**Activity**.
Print the lines from the one containing "After washing your" through the end of the listing below, exactly as written. Any pictures stay out.

**Data excerpt**.
━━━━━━━━
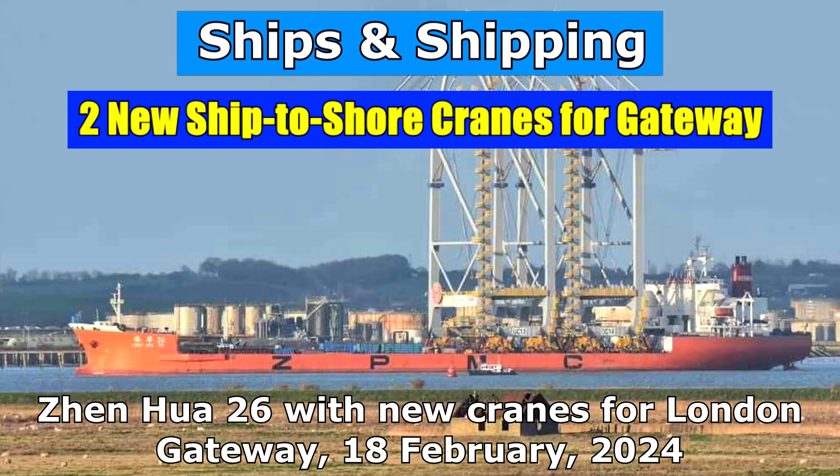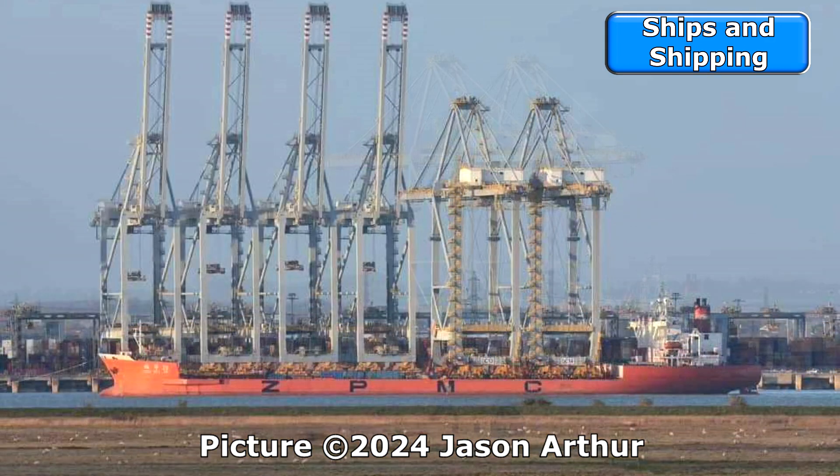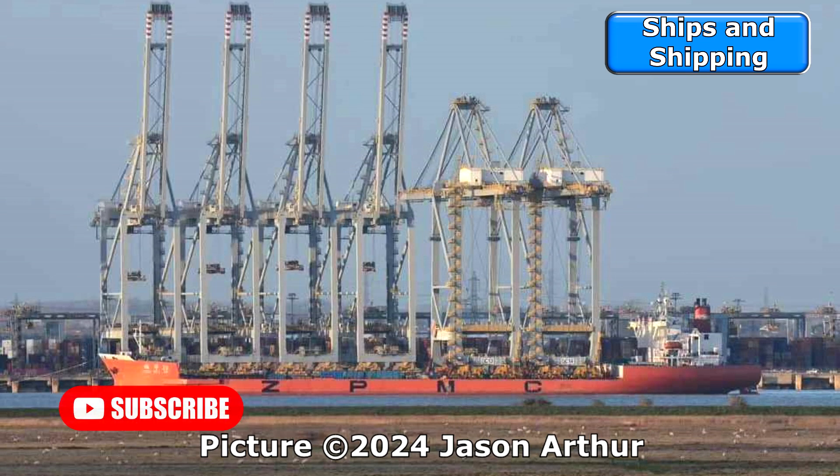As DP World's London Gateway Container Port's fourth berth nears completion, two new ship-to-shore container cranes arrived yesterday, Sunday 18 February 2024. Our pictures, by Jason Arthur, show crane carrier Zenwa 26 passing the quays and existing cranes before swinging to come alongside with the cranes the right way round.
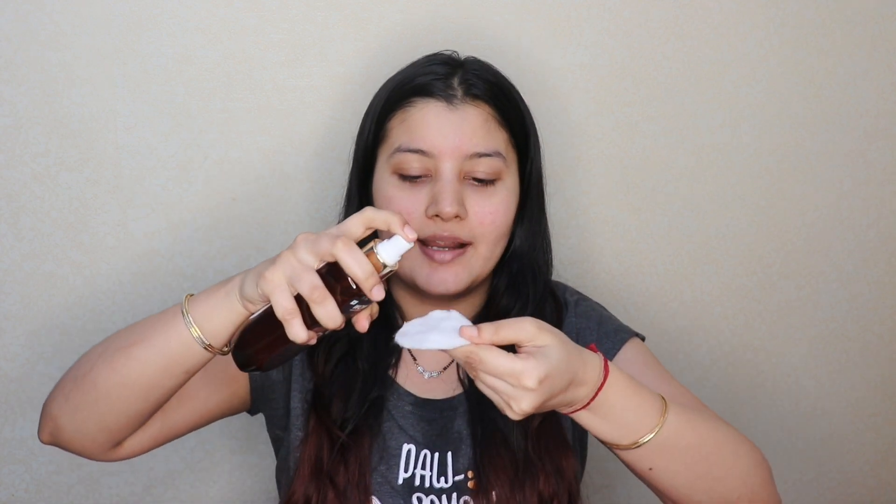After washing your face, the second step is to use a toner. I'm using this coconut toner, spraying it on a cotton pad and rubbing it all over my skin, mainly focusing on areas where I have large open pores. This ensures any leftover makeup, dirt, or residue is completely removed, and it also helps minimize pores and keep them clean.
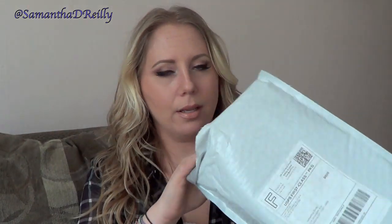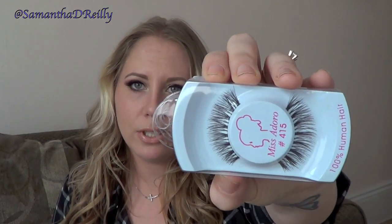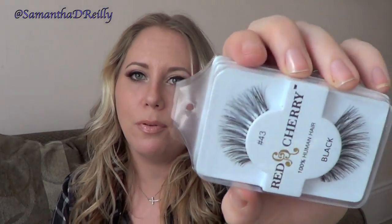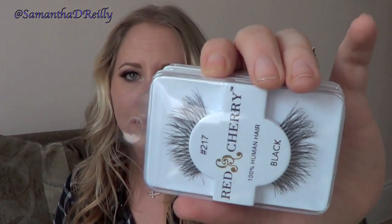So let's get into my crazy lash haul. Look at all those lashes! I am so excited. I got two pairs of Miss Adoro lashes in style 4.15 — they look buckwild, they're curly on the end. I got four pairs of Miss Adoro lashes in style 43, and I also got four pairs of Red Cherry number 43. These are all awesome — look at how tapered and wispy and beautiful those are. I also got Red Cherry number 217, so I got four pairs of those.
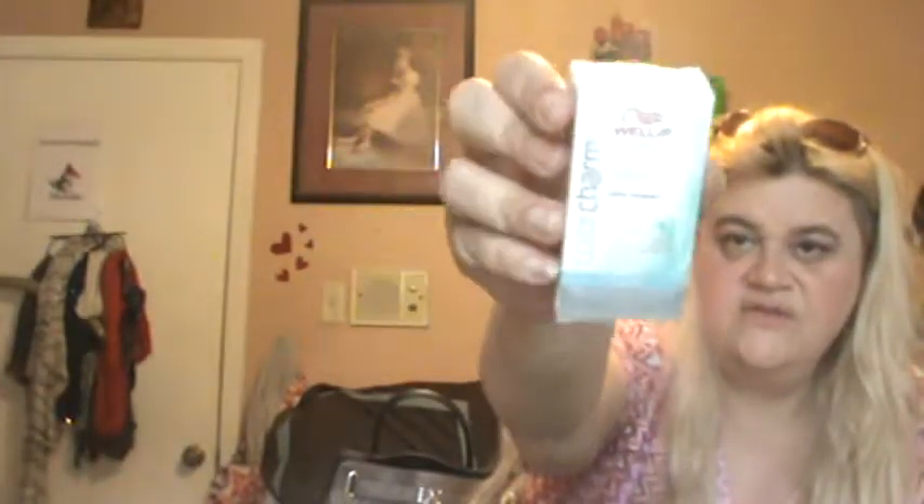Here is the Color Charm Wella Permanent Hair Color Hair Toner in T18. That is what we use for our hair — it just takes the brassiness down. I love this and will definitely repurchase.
━━━━━━━━
**Answer to this problem**.
After washing your face, the second step is to use a toner. I'm using this coconut toner, spraying it on a cotton pad and rubbing it all over my skin, mainly focusing on areas where I have large open pores. This ensures any leftover makeup, dirt, or residue is completely removed, and it also helps minimize pores and keep them clean.
So let's get into my crazy lash haul. Look at all those lashes! I am so excited. I got two pairs of Miss Adoro lashes in style 4.15 — they look buckwild, they're curly on the end. I got four pairs of Miss Adoro lashes in style 43, and I also got four pairs of Red Cherry number 43. These are all awesome — look at how tapered and wispy and beautiful those are. I also got Red Cherry number 217, so I got four pairs of those.
Here is the Color Charm Wella Permanent Hair Color Hair Toner in T18. That is what we use for our hair — it just takes the brassiness down. I love this and will definitely repurchase.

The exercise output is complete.